── MATERIAL PROVIDED
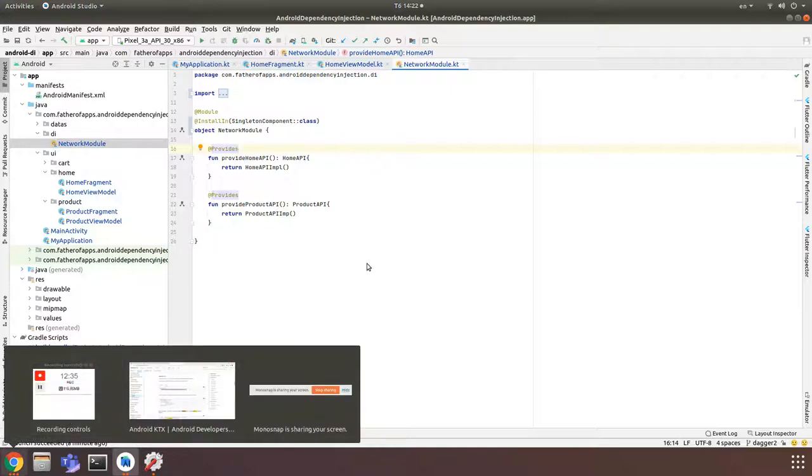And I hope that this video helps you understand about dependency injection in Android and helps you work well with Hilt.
────
── MATERIAL PROVIDED
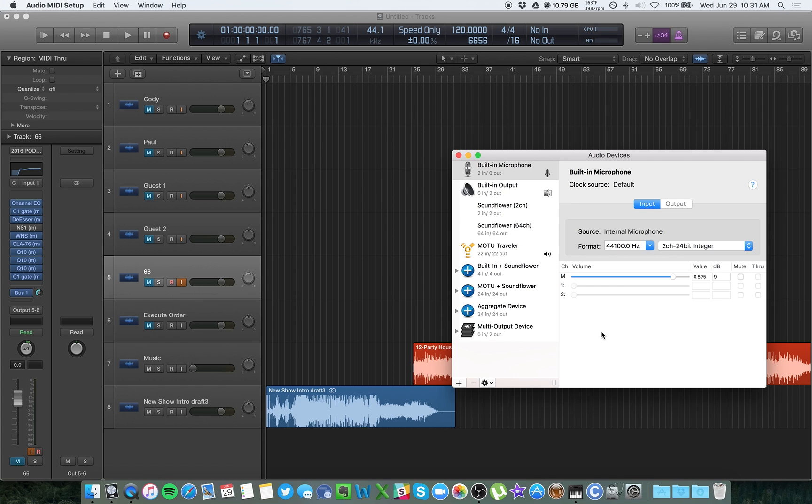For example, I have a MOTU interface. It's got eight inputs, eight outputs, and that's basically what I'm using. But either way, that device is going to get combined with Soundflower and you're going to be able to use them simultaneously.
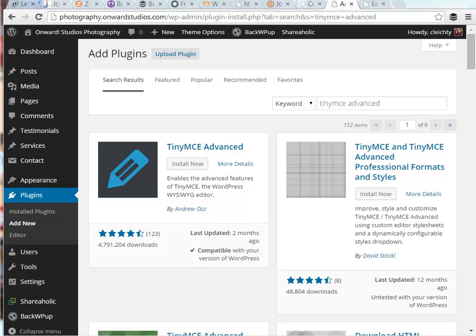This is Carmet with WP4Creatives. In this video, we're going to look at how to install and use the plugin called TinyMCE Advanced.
────
── MATERIAL PROVIDED
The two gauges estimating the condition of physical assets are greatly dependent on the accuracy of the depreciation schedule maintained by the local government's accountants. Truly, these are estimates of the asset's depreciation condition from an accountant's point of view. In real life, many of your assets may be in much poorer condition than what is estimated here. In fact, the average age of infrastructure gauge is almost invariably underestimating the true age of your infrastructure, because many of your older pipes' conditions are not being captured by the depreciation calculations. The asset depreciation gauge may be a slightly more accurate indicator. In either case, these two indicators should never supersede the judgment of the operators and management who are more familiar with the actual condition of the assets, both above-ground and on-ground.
────
→ HOW TO COMPLETE THIS TASK: Write out again exactly the lines above from the one with "For example, I" through the one with "This is Carmet", adding no other lines and no pictures.

→ YOUR SOLUTION:
For example, I have a MOTU interface. It's got eight inputs, eight outputs, and that's basically what I'm using. But either way, that device is going to get combined with Soundflower and you're going to be able to use them simultaneously.
This is Carmet with WP4Creatives. In this video, we're going to look at how to install and use the plugin called TinyMCE Advanced.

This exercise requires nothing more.